Part 1: Who’s in your circle?
Over the past week or so, I’ve been reflecting on my journey and how that has impacted the people and relationships in my life. When I left my job in 2014, it came as a shock to many. As I started finding my way outside of a traditional A-Z path, it inevitably affected some of these friendships and relationships. Today, I have many good friends who’ve been with me for many years. They don’t understand what I do or why but they’re supportive and encouraging. Sometimes, they challenge me too in positive ways. These are the friendships that I maintain and cherish. On the other side, there are friendships and relationships that have ended. The lens through which we look at life, be it career or otherwise, put us on different paths and for those relationships, it was time to say goodbye. As some have left, others have come in offering new friendships that I never imagined and probably wouldn’t have been able to form had I not taken the unexpected roads that I did.

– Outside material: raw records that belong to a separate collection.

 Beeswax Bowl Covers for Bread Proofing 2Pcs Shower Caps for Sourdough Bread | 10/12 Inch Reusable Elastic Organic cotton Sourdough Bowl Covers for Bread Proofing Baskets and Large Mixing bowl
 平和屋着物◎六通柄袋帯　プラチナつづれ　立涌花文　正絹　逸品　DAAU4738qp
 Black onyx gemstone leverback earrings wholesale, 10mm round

What are some of the big decisions you’ve made and how has that affected your friendships and relationships?
Part 2: Talking out your first draft
[NOTE: the books mentioned in this episode are out of print. For more, check out episode 388.]

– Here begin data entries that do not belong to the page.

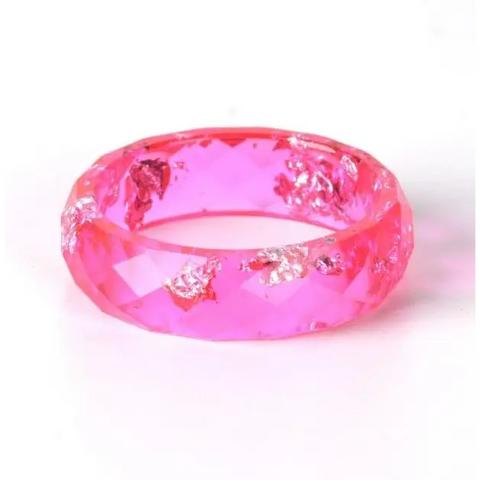 Metallic Flakes in Colored Resin Ring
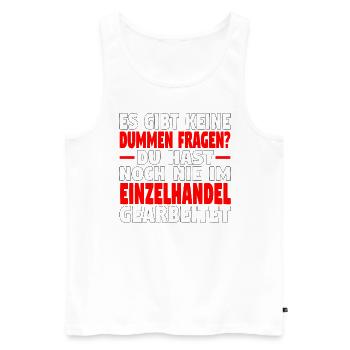 Verkäufer Vatertag Einzelhandel Einzelhändler Papa - Männer Premium Bio Tank Top - Weiß - Vorne - Michal (187cm)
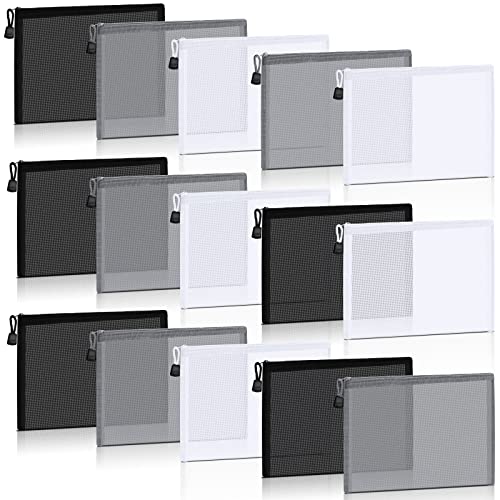 Outus 15 Pieces Mesh Bags Pouch Mesh Zipper Pouch Makeup Bags Cosmetic Travel Organizer Zipper Pencil Case for Organizing Office travel Storage(9.84 x 7.09 Inches,Black, Gray, White) - color: Black, Gray, White, size: 9.84 x 7.09 Inches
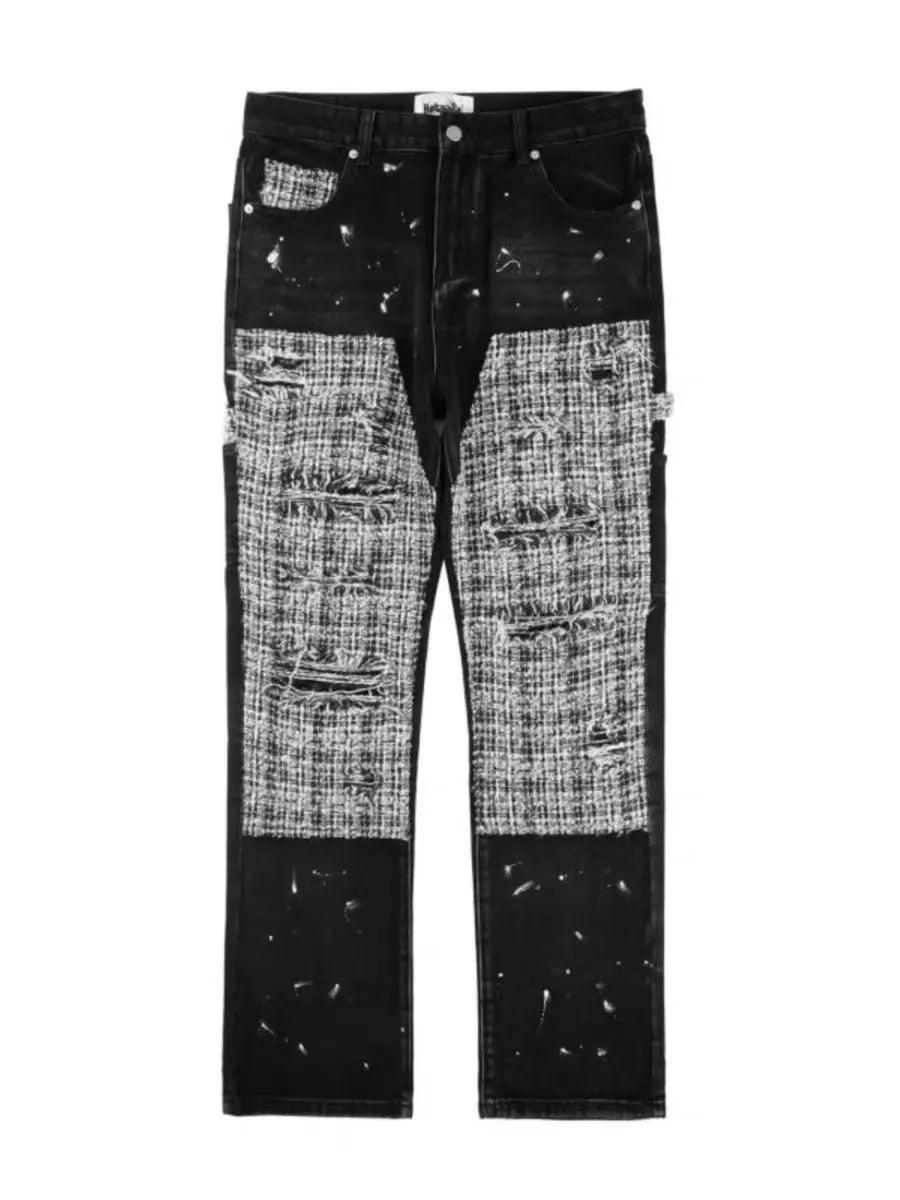 1984 Black White Checkered Denim Splice Patchworks Ripped Jeans - tntwear1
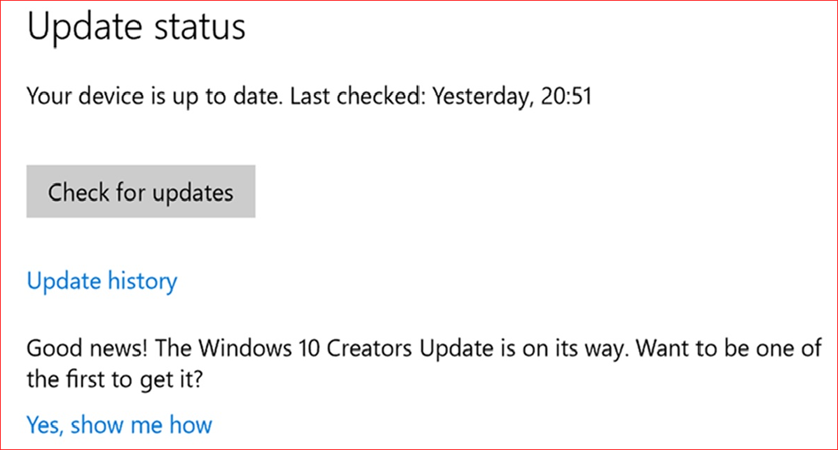 Windows Creators Update ad in Windows Update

By now, you should have done an ideation process on your book ideas, narrowed it down to one, and if you completed last week’s assignment, used a short form writing as a testbed.
If you’ve done all of these and you’re still as enthused and excited about this as your first book topic, it’s time to move on to your first draft.
First things first. Shut off your Word processor and put away your pen and paper.
You won’t need those that yet.
Around this time in 2017, I had agreed to co-write my first book. I was ready to hop onto my Macbook and start plugging away like I normally do for the many blogs, articles and show notes that I create every week. My process is to write a sloppy first draft, trying to edit as little as possible, and then go back to edit and redraft it to final form.
I was itching to do just that with this book when my co-author suggested we do something radically different. He suggested we “talk out” the first draft.
I had no idea what he meant by this.
He explained that he wanted to spend some time talking, as we’ve done over the years and retell our stories of how we got involved in a Star Trek fan film, from beginning to end. Since I had a lot of experience recording podcast interviews, he also suggested that we could record these conversations.
You might be surprised to hear that I was skeptical to the point of being resistant to the idea.
For me, the act of writing is writing: sitting at a keyboard and typing away. Talking was something completely different. At first, I thought this was a complete waste of time. It took some convincing but I eventually agreed to the idea, begrudgingly.
We decided to do 2-3 conversations a week, mostly in the evenings during his drive home. Since he lives on the West coast, this meant around 8 pm EST for me. The idea was to hop onto Skype and record these convos using my podcast set up. It was around week 3 that I started to see the benefit of doing this. As we shared our stories, we sparked memories and anecdotes that we had both long forgotten.
As we progressed, it was around mid-May, when it hit me that we were actually talking out the first draft of the book. It didn’t have a shape and there were a lot of ideas and moments that zig-zagged back and forth but somewhere, somehow we started to discover the core of what this story was.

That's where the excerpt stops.